_YOUR TASK_.
An exact copy of the data is required, with no pictures in it.

_COLLECTED MATERIAL_.

______________________________

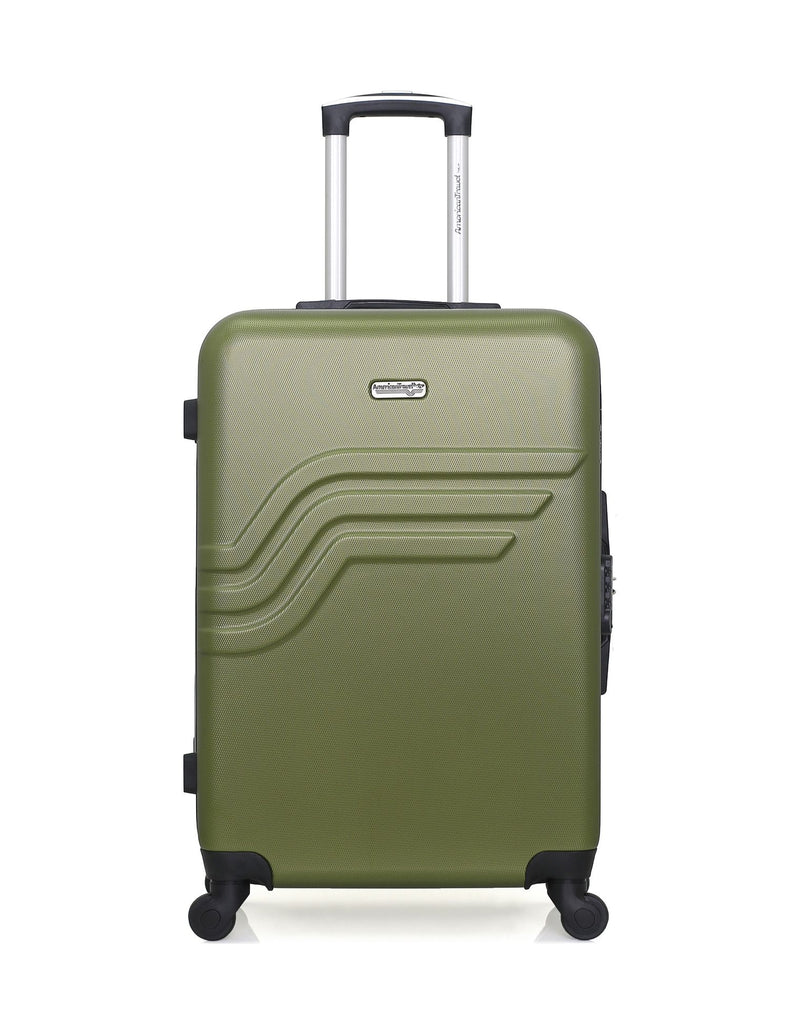 AMERICAN TRAVEL - Lot de 3 - Valises grand format CHELSEA, weekend QUEENS et cabine XXS MEMPHIS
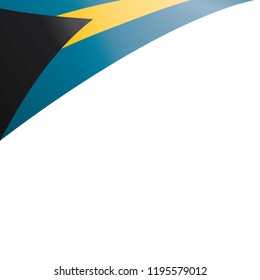 Bahamas flag, vector illustration on a white background
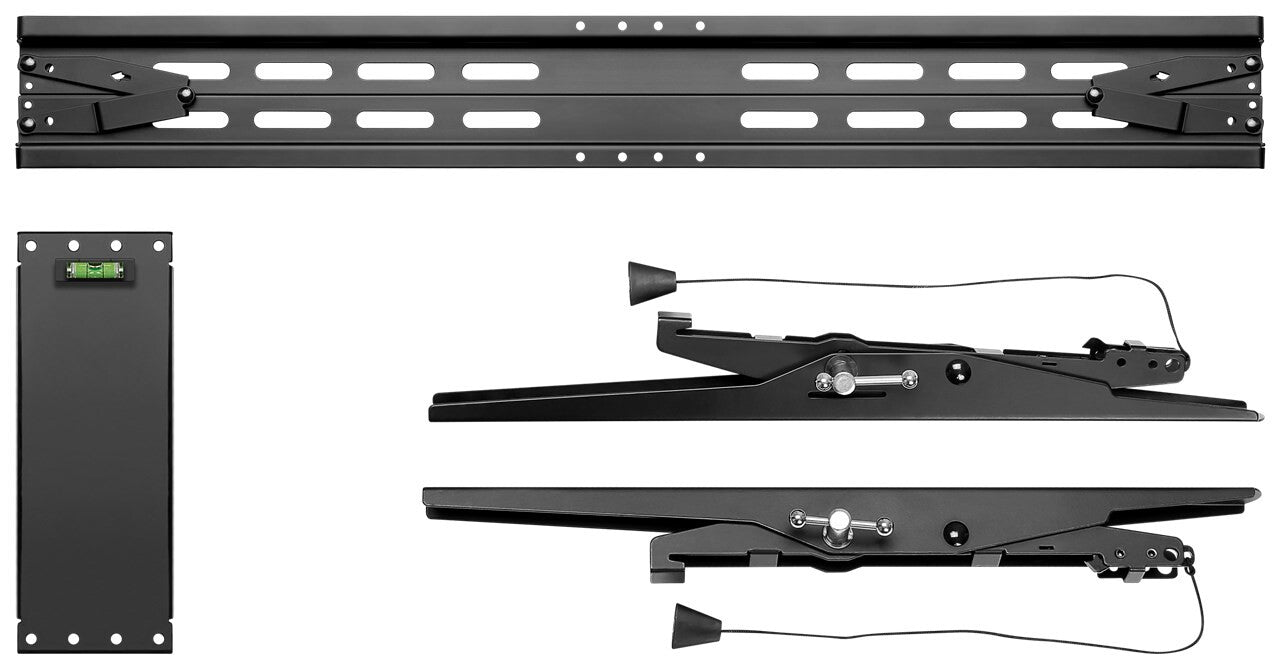Goobay 49929 tv-fäste 177,8 cm (70") Svart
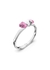 Lucent bangle magnetic pink stainless steel - Swarovski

______________________________

_ANSWER BOX_.
 AMERICAN TRAVEL - Lot de 3 - Valises grand format CHELSEA, weekend QUEENS et cabine XXS MEMPHIS
 Bahamas flag, vector illustration on a white background
Goobay 49929 tv-fäste 177,8 cm (70") Svart
 Lucent bangle magnetic pink stainless steel - Swarovski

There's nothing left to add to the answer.